The Sun Can Strongly Constrain Spin-Dependent Dark Matter Nucleon Scattering Below the Evaporation Limit
Thong T. Q. Nguyen, Tim Linden
TL;DR
This work demonstrates that Solar observations remain a potent probe of spin-dependent DM–nucleon scattering well below the conventional evaporation limit. By self-consistently modeling capture, evaporation, and annihilation in the Sun, and by computing indirect signals from neutrinos and long-lived mediator decays, the authors derive world-leading constraints on the SD cross section for $m_\chi$ in the $2{-}4$ GeV range, surpassing direct-detection limits by up to several orders of magnitude. They show that non-equilibrium effects are crucial below $\sim 3$ GeV and that evaporation can suppress signals, yet gamma-ray channels from mediators and neutrino channels provide robust, complementary probes with current data and future Hyper-K projections.

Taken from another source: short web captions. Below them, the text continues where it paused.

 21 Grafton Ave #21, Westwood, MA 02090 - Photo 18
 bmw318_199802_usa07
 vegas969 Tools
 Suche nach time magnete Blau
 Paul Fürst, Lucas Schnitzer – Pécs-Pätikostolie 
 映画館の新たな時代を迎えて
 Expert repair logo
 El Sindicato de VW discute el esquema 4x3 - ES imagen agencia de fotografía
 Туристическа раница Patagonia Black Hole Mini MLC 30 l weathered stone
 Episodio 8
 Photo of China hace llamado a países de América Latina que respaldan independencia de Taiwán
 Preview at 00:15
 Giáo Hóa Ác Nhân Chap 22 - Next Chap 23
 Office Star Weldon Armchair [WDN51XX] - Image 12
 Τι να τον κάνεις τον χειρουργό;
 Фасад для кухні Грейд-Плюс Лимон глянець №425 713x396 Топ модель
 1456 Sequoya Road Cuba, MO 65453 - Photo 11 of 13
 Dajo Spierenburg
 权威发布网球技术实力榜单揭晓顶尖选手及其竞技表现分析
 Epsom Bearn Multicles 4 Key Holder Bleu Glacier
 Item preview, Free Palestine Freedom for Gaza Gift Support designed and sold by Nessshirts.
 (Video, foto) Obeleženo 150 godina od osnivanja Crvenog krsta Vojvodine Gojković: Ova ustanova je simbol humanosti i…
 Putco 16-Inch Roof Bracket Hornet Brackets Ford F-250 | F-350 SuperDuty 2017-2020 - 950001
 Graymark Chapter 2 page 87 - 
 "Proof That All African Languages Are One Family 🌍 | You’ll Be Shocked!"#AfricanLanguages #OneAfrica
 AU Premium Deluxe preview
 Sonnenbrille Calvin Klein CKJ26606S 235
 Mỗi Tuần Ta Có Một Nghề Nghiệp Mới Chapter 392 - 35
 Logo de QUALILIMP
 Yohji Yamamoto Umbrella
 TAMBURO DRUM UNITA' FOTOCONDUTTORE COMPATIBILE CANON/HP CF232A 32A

The results underscore the Sun’s unique role in dark matter phenomenology and motivate continued multi-messenger searches targeting low-mass DM in astrophysical environments.
Abstract
The Sun is a promising target for dark matter searches due to its ability to accumulate dark matter particles via scattering and catalyze their self-annihilation. However, at low dark matter masses, dark matter particles can also "evaporate" due to subsequent collisions with the hot thermal plasma of the Sun. While several modeling studies have calculated the competitive dynamics of dark matter evaporation and annihilation, observational studies have typically assumed a fixed 4 GeV "evaporation limit", below which dark matter evaporates before it can annihilate. In this paper, we carefully consider the competitive effects of dark matter evaporation and annihilation on the resulting spin-dependent dark matter nucleon cross-section limits, finding that Solar observations can continue to exceed terrestrial constraints by between 1-5 orders of magnitude for dark matter masses between 2-4 GeV for dark matter annihilation to both neutrinos and long-lived mediators.